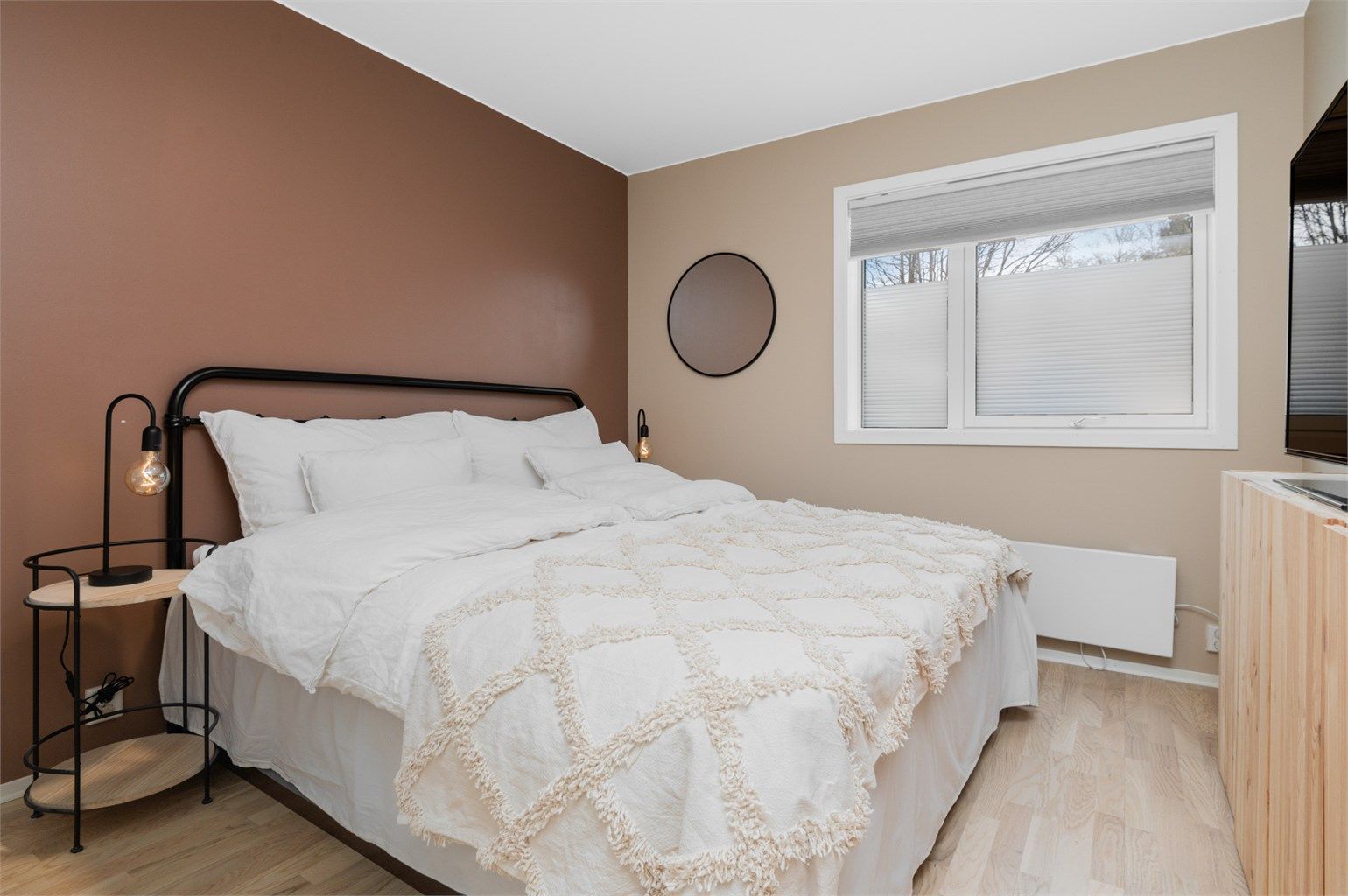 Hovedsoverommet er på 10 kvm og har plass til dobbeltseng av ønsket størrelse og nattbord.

...

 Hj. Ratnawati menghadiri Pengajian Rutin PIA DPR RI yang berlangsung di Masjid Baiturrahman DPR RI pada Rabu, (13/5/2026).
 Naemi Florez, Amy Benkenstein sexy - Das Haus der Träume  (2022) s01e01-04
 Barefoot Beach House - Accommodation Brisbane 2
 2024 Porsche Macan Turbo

# Aim of the exercise
Working from the records above, write out verbatim only the lines from the line containing "Barefoot Beach House" through the line containing "2024 Porsche Macan Turbo".

# Worked solution
 Barefoot Beach House - Accommodation Brisbane 2
 2024 Porsche Macan Turbo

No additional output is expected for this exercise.